Secretary of State John Kerry said Wednesday that deceased Boston bombing suspect Tamerlan Tsarnaev became a killer when he traveled to Russia in 2011, but the State Department and White House walked back his remarks right after he made them, Foreign Policy reports:
Kerry was in Belgium on Wednesday for a NATO foreign minister's meeting and made the comments about the 26-year old alleged bomber during a brief interaction with reporters.
"We just had a young person who went to Russia, Chechnya, who blew people up in Boston," Kerry said. "So he didn't stay where he went, but he learned something where he went and he came back with a willingness to kill people."
Those comments suggested that Tsarnaev was not able or willing to commit acts of terror and murder before he traveled to the Russian region of Dagestan for six months in 2011, but made some connections to people there that resulted in a more fervent anti-American ideology that contributed to the Boston Marathon attack.

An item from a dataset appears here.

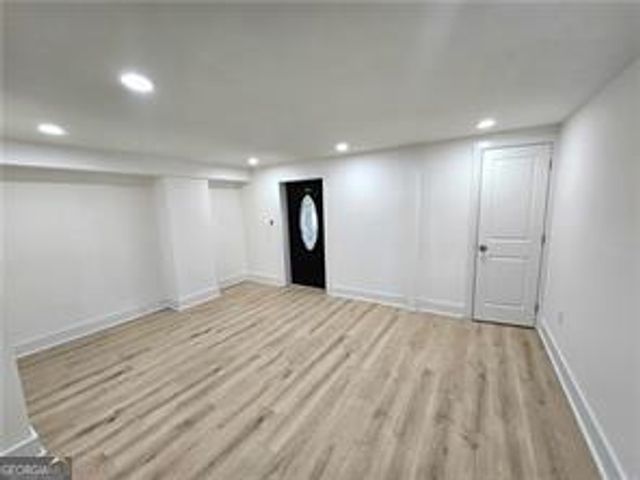1022 Mayson Turner Road NW, Atlanta, GA 30314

Press officials in the White House and State Department said Kerry was not disclosing any information on the case.
"The secretary was simply expressing broad concern about radicalism and not necessarily offering any more specific information about this case," Spokesman Patrick Ventrell said Wednesday. "I'm clarifying his remarks and saying that he was simply expressing broad concern about radicalism. This isn't about new details about the ongoing investigation."